Lui aussi, jusqu’ici, il trouvait. Et puis, l’autre soir, discrètement, il est venu me taper sur l’épaule, vingt minutes après que je l’aie couché.
« Maman, tu sais, je préférerais que tu m’appelles plus « mon amour » devant les copains ».
J’ai cru m’étouffer, je l’ai fait répéter.
Il a répété.
« Je préférerais que tu m’appelles plus mon amour devant les copains ».
« Mais… Pourquoi mon chéri ? »
« Bha… Chais pas » dit-il en posant sa tête sur mon épaule. « Que à la maison ».
« Bon, bha je t’appellerais mon coeur alors », je lui ai dit en riant.
« Ah non, pas ça non plus ».
« Bha… Comment je t’appelle alors ? »
« Tu peux m’appeler mon Loulou, mais c’est tout ».
Bon. Bha voilà. Nous y sommes les amis.
Il a grandi mon petit garçon. Il n’est plus un bébé.
Il exprime sa pudeur, son besoin d’intimité.
Il tient encore à ses câlins du soir et du matin, il aime toujours être porté, il me gratifie toujours de ses « je t’aime jusqu’à la lune jusqu’aux étoiles jusqu’au ciel » avant d’aller au lit. Il réclame toujours ses bisous dans le cou. Il me tient toujours la main dans les magasins. Mais il préfère désormais que nos échanges tendres soient discrets. Loin des regards des copains.

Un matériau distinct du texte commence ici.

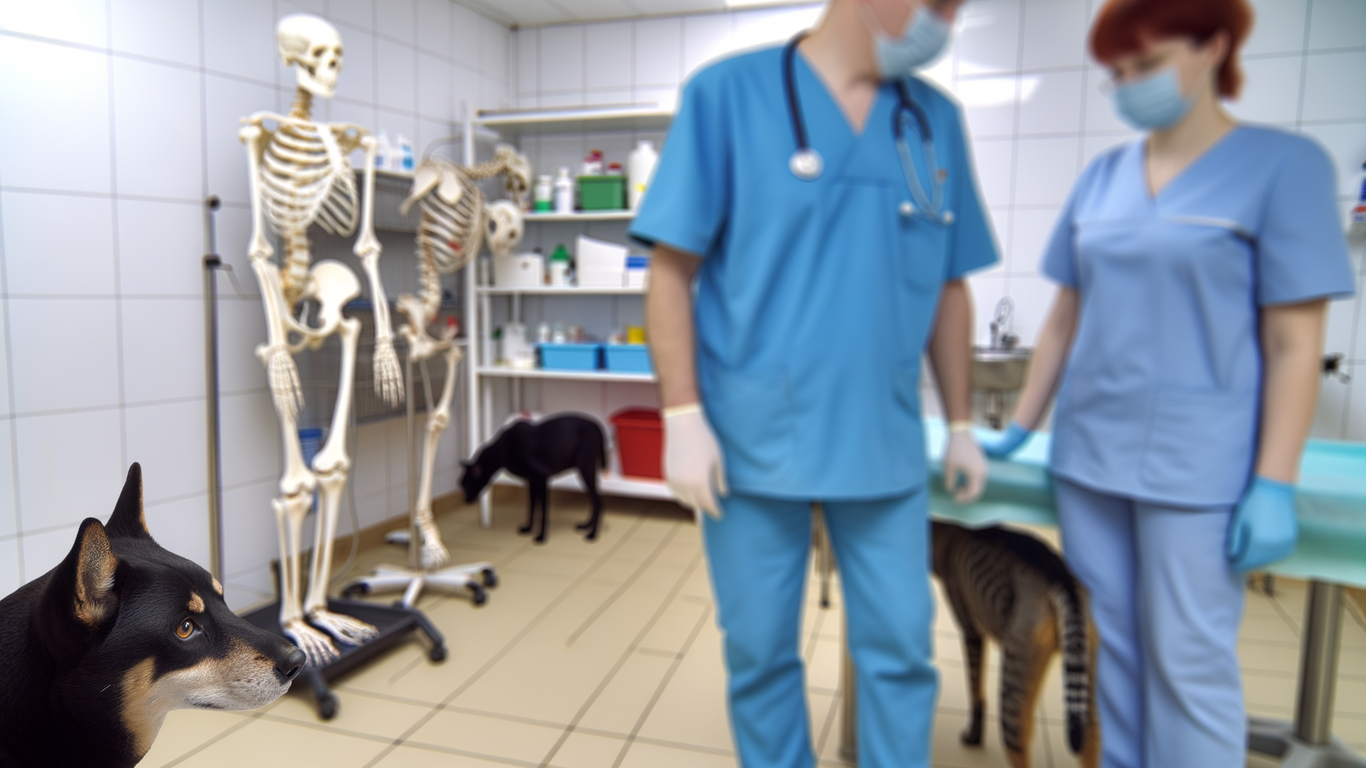Mise à jour et ajustements d'un squelette animal pour la conformité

Ca file, malgré tout. 6 ans et demi, et demain le CP.
Après demain, le panneau sens interdit sur la porte de la chambre.
Le mois prochain, les « tu peux me laisser à l’angle de la rue, c’est pas la peine de m’accompagner à la grille ».

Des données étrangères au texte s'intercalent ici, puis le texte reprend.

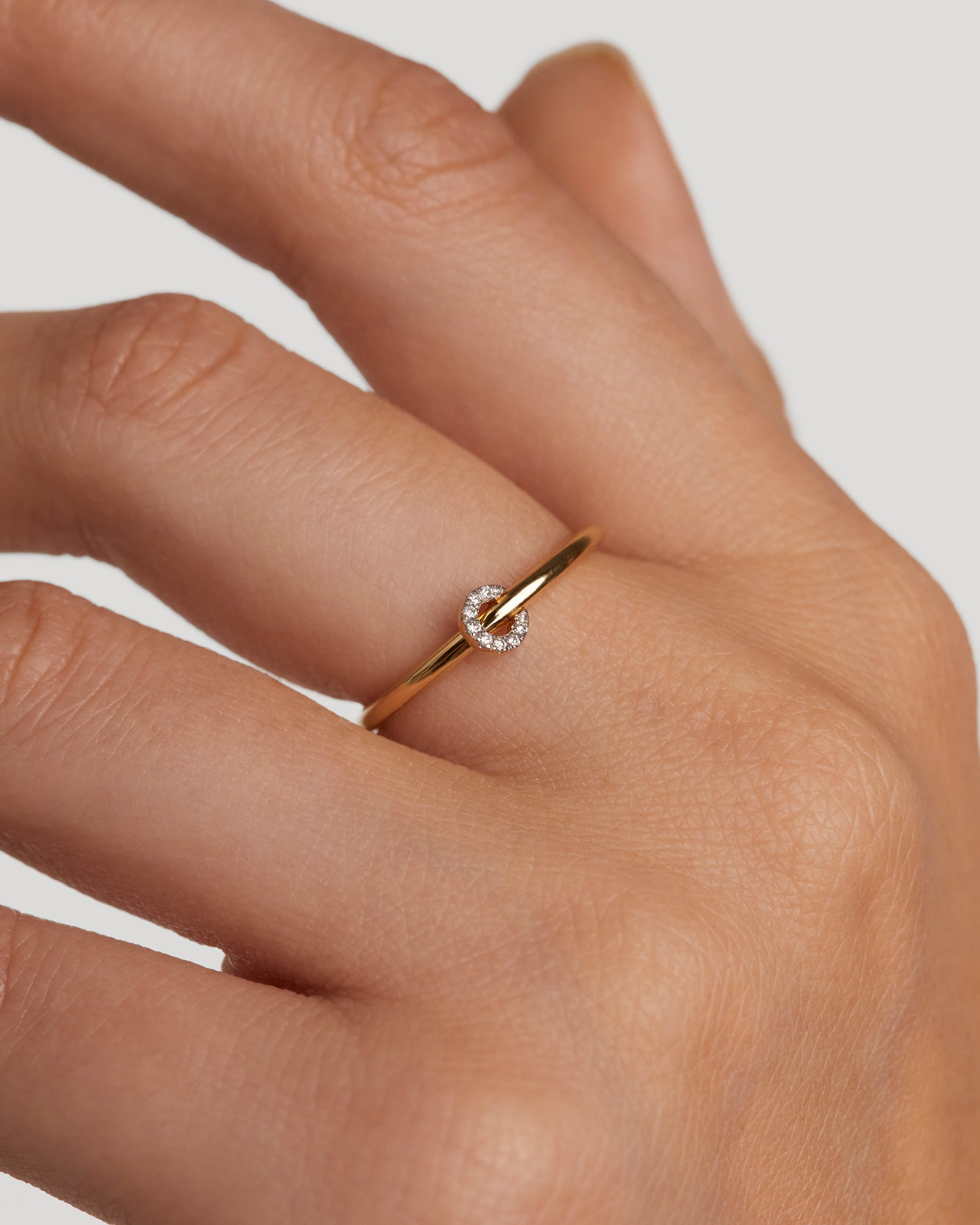 Elegant Diamond & Gold Loop Ring for Women | Luxury Wedding, Engagement & Party Jewelry Gift | Perfect for Anniversaries, Valentine's Day & Special Occasions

Tout bientôt, les « rho arrête de m’embrasser devant les copains ».
L’enfance passe, les petites ailes se déploient peu à peu.
Est-ce que la maman que je suis a pris une petite claque lorsque l’enfant plus vraiment petit a prononcé ces quelques mots ? Assurément.
Est-ce qu’elle a souri ? Bien entendu.
La maman est tendrement amusée de voir ce petit gars encore accroché à son doudou et à son biberon du matin débuter malgré tout sa première échappée.
La maman est touchée. Elle se surprend à imaginer dans ce petit bonhomme plus vraiment l’esquisse de l’adulte qu’il sera demain.
Sa tendresse, sa délicatesse, sa discrétion et sa fermeté aussi.
Alors ne t’inquiète pas, mon amour. C’est avec un petit pincement au cœur mais avec le sourire aussi que je réserverai les grands mots pour nos instants d’intimité.